Feeling caucus confusion? Your guide to how Iowa works

Jan 4, 2024, 6:41 AM

FILE - Audience members listen to Republican presidential candidate Nikki Haley speak during a town...

FILE - Audience members listen to Republican presidential candidate Nikki Haley speak during a town hall, Friday, Nov. 17, 2023, in Ankeny, Iowa. Former President Donald Trump was the first choice of 51% of likely Iowa caucus participants in a Des Moines Register-NBC News-Mediacom Iowa Poll published Monday, Dec. 11. Florida Gov. Ron DeSantis, who has vowed that he will win Iowa, had the support of 19%. Former United Nations Ambassador Nikki Haley, who has suggested she can beat DeSantis in the state and go head to head with Trump in later primaries, was at 16%. (AP Photo/Charlie Neibergall, File)

(AP Photo/Charlie Neibergall, File)

WASHINGTON (AP) — The race for the White House officially begins in less than two weeks, and despite some prolonged jockeying over the election calendar, the long primary season will once again begin in Iowa with a caucus process that has served as the lead-off voting event since the 1970s.

While Iowa has played an outsize role in presidential politics for generations, the details of how the caucuses actually work can surprise and mystify even hard-core political junkies. The Republican process this year is largely unchanged, but there are significant changes to the traditional voting schedule on the Democratic side. Much of what you think you know about the Iowa caucuses may no longer be applicable in 2024.

Since the contested Iowa caucuses of 2016 and 2020 may seem like a long time ago, here’s an update of what they are, how they work and why they matter.

What is a caucus?

A political caucus is a gathering of people with a shared interest or goal. The Iowa caucuses are a series of local meetings held throughout the state where participants conduct party business and usually indicate their preference for a presidential nominee to represent the party on the November ballot. It’s also the first step in a months-long process to select people to serve as delegates to the national party conventions this summer.

How are caucuses different from primaries?

One of the main differences between caucuses and primaries is the amount of time allotted for voting to occur and the methods by which people can vote. In a primary, people can show up at the polls and cast ballots throughout Election Day, from the early morning until polls close in the evening. They have the option of casting an absentee ballot if they can’t make it to the polls on Election Day, and in some states, people may vote before Election Day. The Iowa caucuses, on the other hand, are held in the evening and voters must attend in person in order to participate, except in a few isolated instances. Caucuses are run by political parties, whereas primaries are usually (but not always) run by the state.

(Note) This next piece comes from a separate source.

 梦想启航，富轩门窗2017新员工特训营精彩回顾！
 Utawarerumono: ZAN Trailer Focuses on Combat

Are both the Republicans and Democrats holding caucuses in Iowa this year?

Sort of. While both the state Republican and Democratic parties will hold caucuses on Jan. 15, only the Republican event will have an immediate, binding impact on the presidential race. In a departure from previous years, the Democratic caucuses will be held only to conduct administrative party business and to start the process of choosing delegates to the national conventions. Iowa Democrats will express their preferences for their party’s presidential nominee through a mail-in voting process, the results of which will not be known until March.

What’s at stake?

For Democrats, nothing is at stake, since the 2024 caucuses will have no bearing on the presidential race.

For Republicans, there are usually two prizes in the Iowa caucuses: delegates and bragging rights. Iowa Republican voters will indicate their picks for the party’s presidential nominee, and the results of that vote will determine how many of the state’s 40 convention delegates each candidate will receive. Candidates win national convention delegates in direct proportion to the percentage of the vote they receive. There is no minimum threshold required to qualify for delegates.

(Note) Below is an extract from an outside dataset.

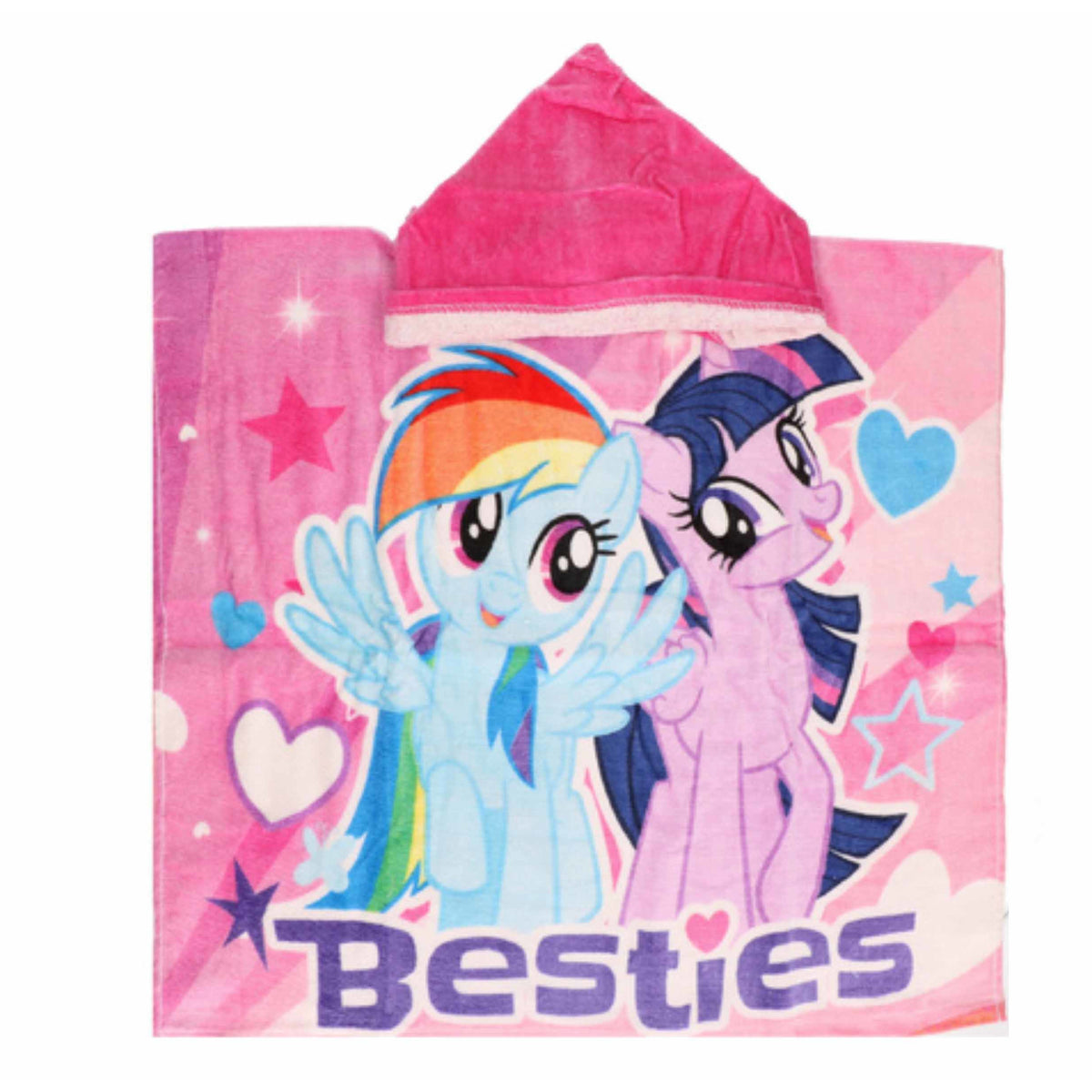 my-little-pony-badcape-poncho-met-roze-capuchon-voor-kinderen_10244855-1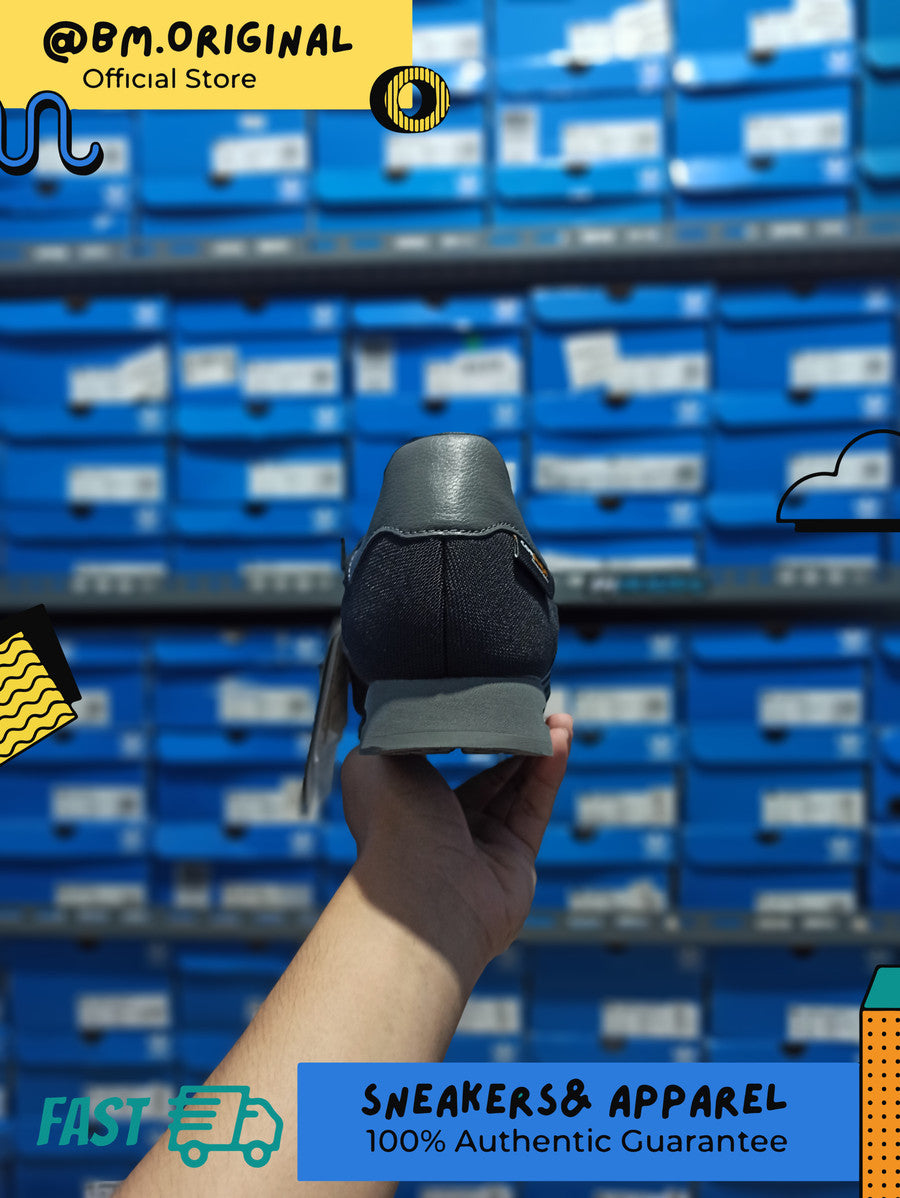 Adidas AS 520 Cordura Black Grey Exclusive IG0008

However, Iowa makes up a minuscule share of the total number of Republican delegates nationwide (only 1.6%). So, in theory, a candidate who performs poorly in Iowa has plenty of opportunities in the remaining states and territories to more than make up the difference. But because of Iowa’s first-in-the-nation placement in the presidential campaign calendar, the caucus results often give a disproportionate boost to the winners and to those who perform strongly or surpass expectations, while often having a winnowing effect on the field by nudging underperforming candidates out of the race. They can also signal to voters in other states, fairly or unfairly, which candidates are possibly on a better footing in the race for the nomination and have momentum (or the “Big Mo” as candidate George H.W. Bush called it after winning the 1980 caucuses) heading into the next contests.

How will the Republican caucuses work in 2024?

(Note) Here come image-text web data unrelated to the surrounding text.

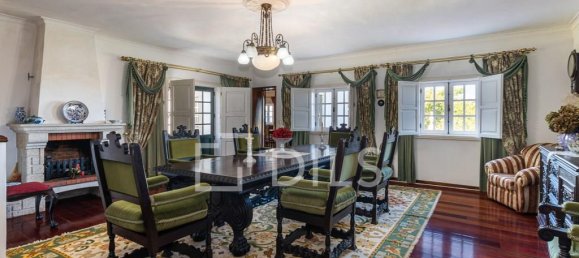 Casa T6 em Penafiel, Portugal N.º 103971 3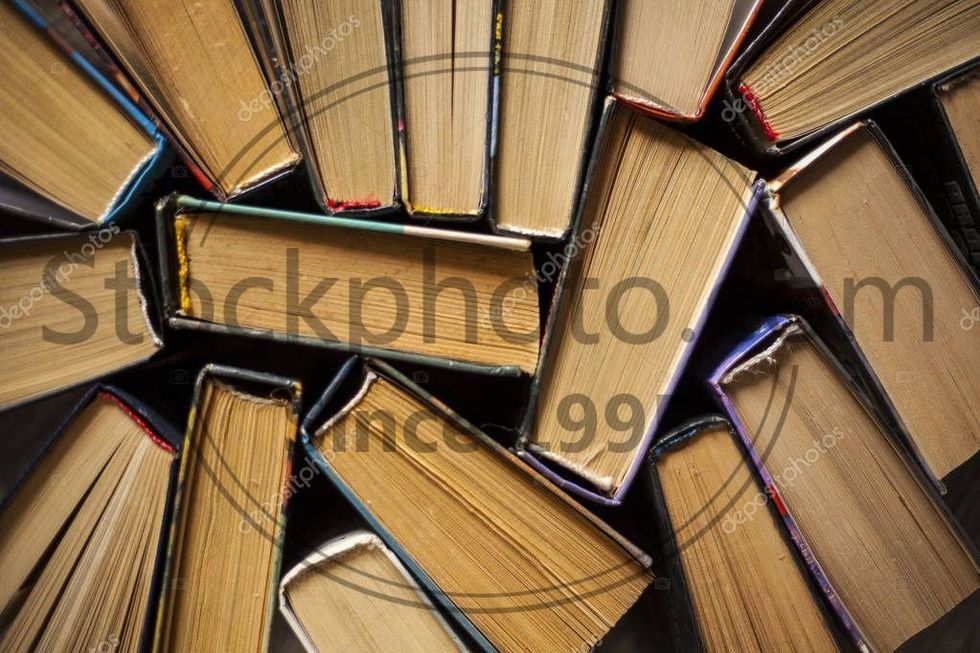 Why We're So Fascinated With Fiction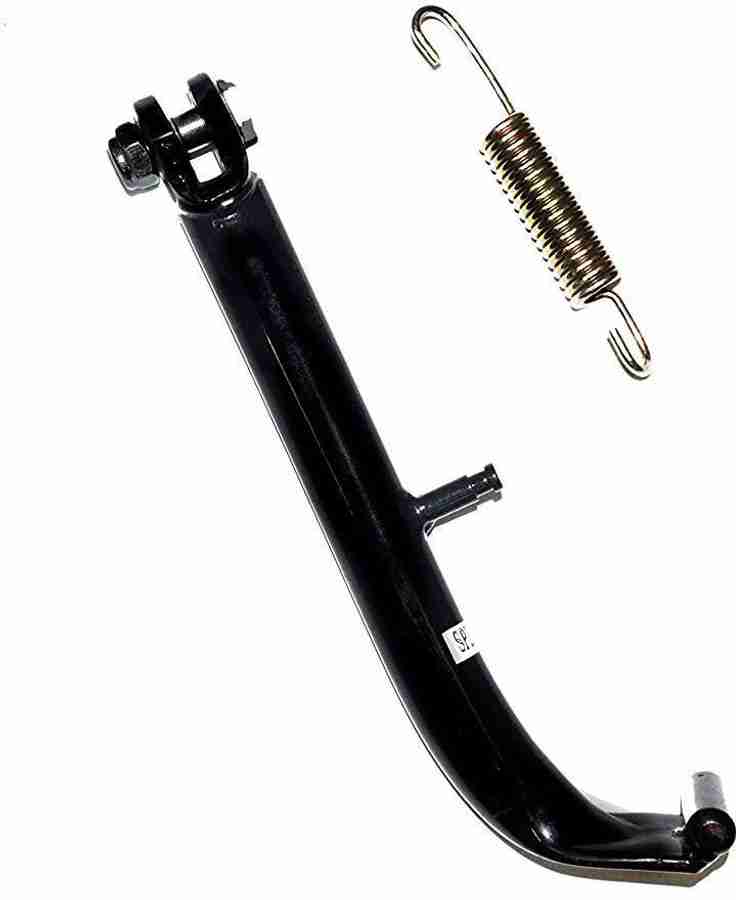 INITIO SPLENDOR PLUS Bike Side Stand Price in India Buy INITIO SPLENDOR PLUS Bike Side Stand online at Flipkart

There will be two main agenda items at every Republican caucus site: holding a binding vote for the party’s presidential nominee and electing delegates to attend county conventions, which is the next step in the multi-tiered process of electing delegates to attend the Republican National Convention in Milwaukee this summer.

The binding presidential vote functions essentially like a party-run primary, only with very limited polling hours and no accommodation for absentee voting, except for a tiny handful of overseas and military voters. There are speeches on behalf of various candidates before the voting and a variety of party business after the vote. Individual caucus chairs are allowed to exercise some discretion in how to conduct the vote, but the voting is done by secret ballot and there is no set list of candidates. Voters must be given the option to vote for any candidate they choose. In the past, some caucus sites have pre-printed the names of major candidates and provided a write-in option, but typically, voters vote by writing the name of a candidate on a blank slip of paper.

There is no walking around the caucus room to form candidate preference groups. That voting method was a feature of Democratic caucuses from 1972 to 2020 but is no longer in use by either party in 2024.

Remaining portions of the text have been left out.